Wednesday, October 27, 2010
The science of old-school RPGs...
So, I was testing emulators on my vaio netbook today. Now as some of you know, the best emulators run most games very well. You'd have no problem playing Super Mario World on any emulator. The problem comes in with Squaresoft RPGs. Now, I loaded up Final Fantasy 1&2: Dawn of Souls for the gameboy advance. The emulation was pretty bad for the intro, but I wanted to see how it would handle the actual game. Pressing start about 257209562 times lead me to the "opening cinematic". It began with this operatic score...I mean, this music was epic! But the visuals behind it was a bunch of cutesy 16-bit sprites. I particulary recall a scene that just had a rinky-dink tower on barren desert world map with a partical system covering the wholescreen and moving left to right.
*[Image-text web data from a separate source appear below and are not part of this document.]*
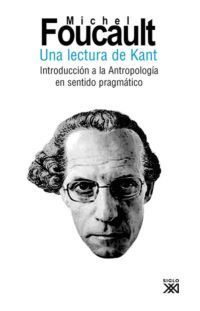 UNA LECTURA DE KANT: INTRODUCCIÓN A LA ANTROPOLOGÍA EN SENTIDO PRAGMÁTICO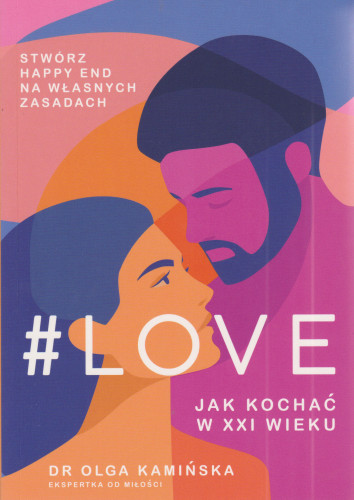#Love : jak kochać w XXI wieku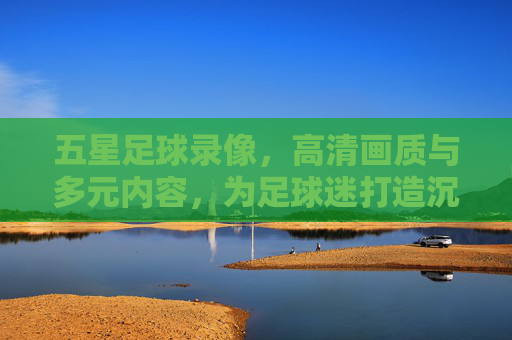 五星足球录像，高清画质与多元内容，为足球迷打造沉浸式观赛新体验，五星足球录像，高清多元，打造沉浸式观赛新体验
At that moment, I thought "I actually like that these simple graphics and symbols let my imagination handle this 'Tower standing in the sandstorm image. I thought "This is why I still like these games". Now you think about it. You thought Magus was cool in '96. The rinky-dink graphics of Chrono Trigger only nudged you in the direction of how to invision that character, but your imagination, powered by all the things you'd seen and experienced at the age of 15 made him cool for you. Now think of how differently you might have envisioned that character AFTER seeing Ninja Scroll or Princess Mononoke. Now think of how you might see him in the present, after seeing more recent animated awesomeness! Point is, i realized that the way I see a game like Final Fantasy VI changes as i change. It grows with me. Final Fantasy X does NOT. And neither does any other RPG made after....Maybe Wild Arms 2074523056 is old school style, but who cares about Wild Arms. A lot of you missed out on this experience because you only really got into RPGS with FF7, But I think that you might all be able to relate this concept to RTS/RPG hybrid games like Final Fantasy Tactics and Disgaea.